**Task details**
Look below for the line containing "Miniatura 11 de"; from there, print each line exactly up to and including the line containing "Polo Ralph Lauren", and stop.

**The data**
·····
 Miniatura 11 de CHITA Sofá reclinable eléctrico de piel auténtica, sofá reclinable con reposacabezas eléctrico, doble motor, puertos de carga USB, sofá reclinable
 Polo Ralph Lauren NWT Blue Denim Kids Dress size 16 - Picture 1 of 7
·····
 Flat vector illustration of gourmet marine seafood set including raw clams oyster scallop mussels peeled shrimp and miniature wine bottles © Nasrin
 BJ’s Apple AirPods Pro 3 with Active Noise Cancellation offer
·····
**Response to this exercise**
 Miniatura 11 de CHITA Sofá reclinable eléctrico de piel auténtica, sofá reclinable con reposacabezas eléctrico, doble motor, puertos de carga USB, sofá reclinable
 Polo Ralph Lauren NWT Blue Denim Kids Dress size 16 - Picture 1 of 7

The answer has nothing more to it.